PROMPT:
Beginning with the line that holds "Jagger 2-Seater Leather Couch - Lead", write out each line exactly as it stands until the end of the data, and include no pictures.

Captioned web image data:
== Segment start ==
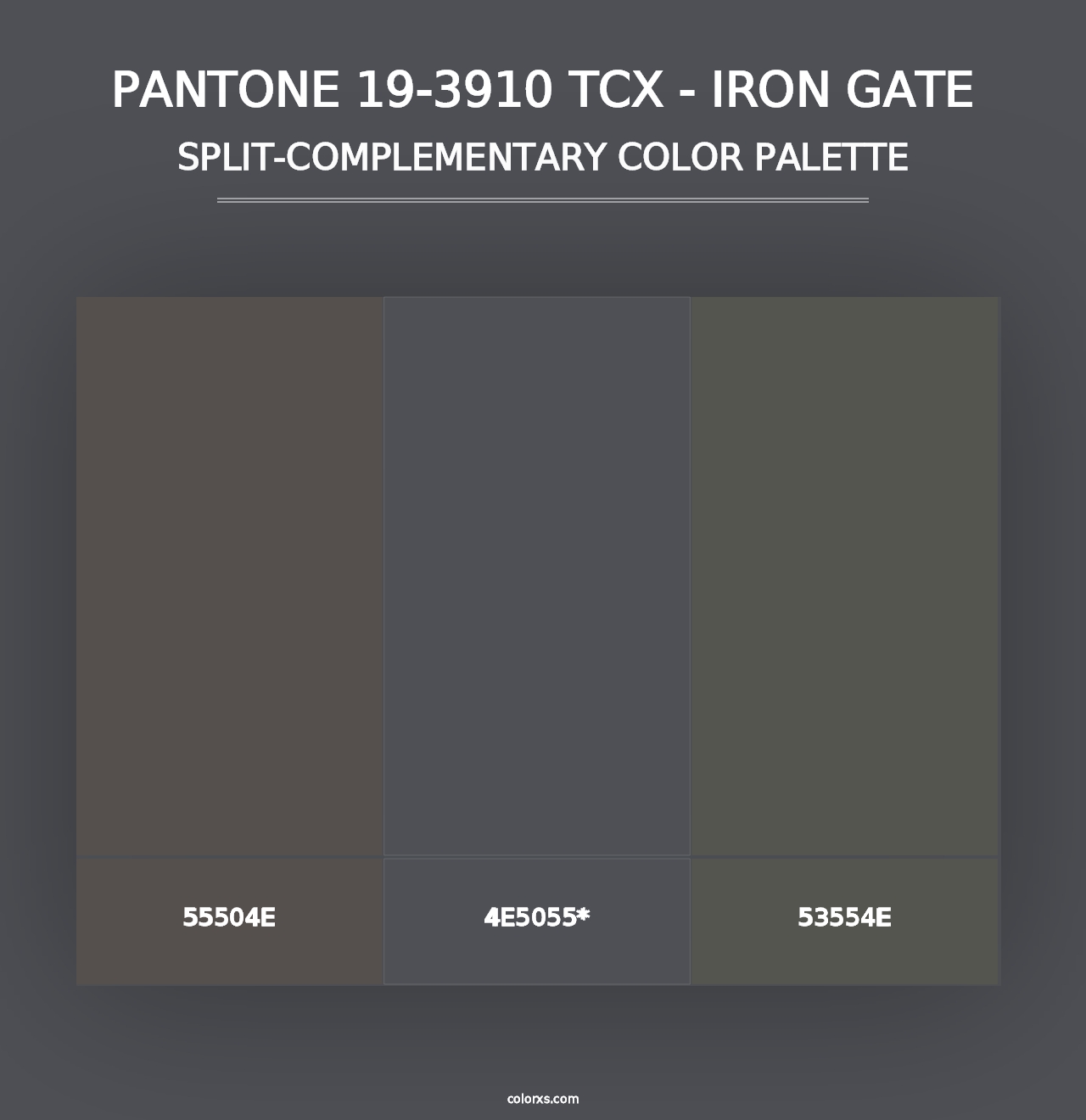 PANTONE 19-3910 TCX - Iron Gate - Split-Complementary Color Palette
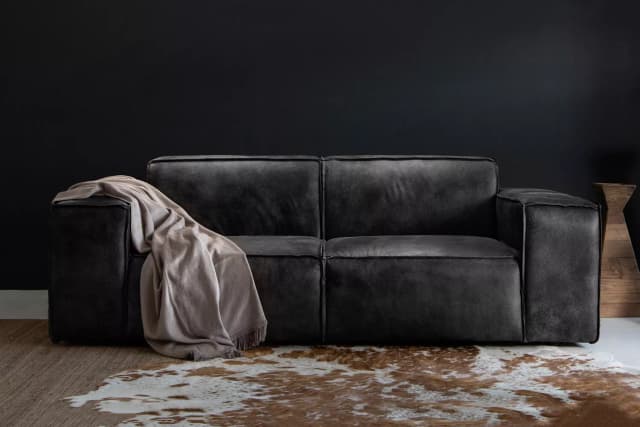Jagger 2-Seater Leather Couch - Lead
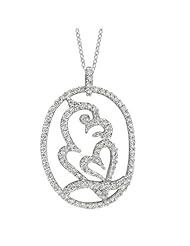 14k White Gold 0.75 Ctw Diamond Bird Outline Necklace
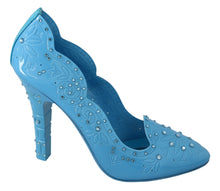 Load image into Gallery viewer, Dolce &amp; Gabbana Crystal Embellished Blue Cinderella Pumps
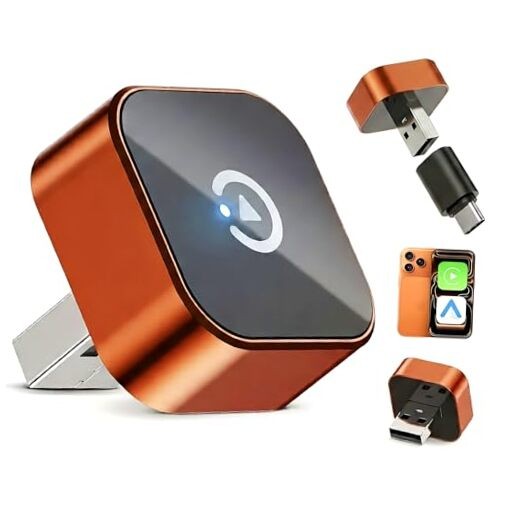 2026 Wireless CarPlay & Android Auto Adapter, 2-in-1 Mini Adapter for iPhone &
== Segment end ==
FINISHED TASK:
Jagger 2-Seater Leather Couch - Lead
 14k White Gold 0.75 Ctw Diamond Bird Outline Necklace
 Load image into Gallery viewer, Dolce &amp; Gabbana Crystal Embellished Blue Cinderella Pumps
 2026 Wireless CarPlay & Android Auto Adapter, 2-in-1 Mini Adapter for iPhone &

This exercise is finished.